CSV string is being trimmed while importing with OleDb - vb.net

I am reading csv file with oledb mechanism. My main issue is that the string values inside csv while reading are being trimmed (both: at the beggining and and the end with white spaces). I have some specific data in csv file which needs to have such white spaces in only some cases - that's why i cannot handle that after being processed.
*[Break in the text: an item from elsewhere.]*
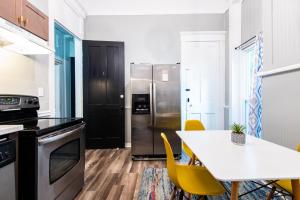 Suite near downtown Louisville, KY - Suite X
It has to be done with the convertion.
Unfortunatelly it has to be done with oledb and vb.net as our complex mechanism is based on those technologies.
Is that possible to find a hack or workaround that oledb will not trim my strings?
Below is my code, actual results and expected:
csv file:
Column1|Column2|Column3|Column4
Text1 | Text2| Text3 |Text4
schema.ini
[test.csv]
Format=Delimited(|)
Col1=Column1 Text
Col2=Column2 Text
Col3=Column3 Text
Col4=Column4 Text
Code
Private conn As New OleDbConnection
Private cmd As New OleDbCommand
Private myAccessDataReader As OleDb.OleDbDataReader = Nothing
Sub Main()
Try
Dim dirInfo As String = "C:\csv"
If conn.State = ConnectionState.Open Then
conn.Close()
End If
conn.ConnectionString = "Provider=Microsoft.ACE.OLEDB.12.0; Data Source=" & dirInfo & ";Extended Properties=""Text;HDR=Yes;"";"
conn.Open()
cmd = New OleDbCommand("SELECT * From [test.csv]", conn)
myAccessDataReader = cmd.ExecuteReader()
If myAccessDataReader.HasRows Then
myAccessDataReader.Read()
End If
Console.WriteLine("|" + myAccessDataReader.Item("Column1") + "|")
Console.WriteLine("|" + myAccessDataReader.Item("Column2") + "|")
Console.WriteLine("|" + myAccessDataReader.Item("Column3") + "|")
Console.WriteLine("|" + myAccessDataReader.Item("Column4") + "|")
Console.ReadKey()
Catch ex As Exception
Throw New Exception(ex.Message)
End Try
End Sub
Actual Results:
|Text1|
|Text2|
|Text3|
|Text4|
Expected Results:
|Text1 |
| Text2|
| Text3 |
|Text4|
Ps. I have tried with different settings in schema.ini: encoding, MaxScanRows, fixed width, but nothing helped.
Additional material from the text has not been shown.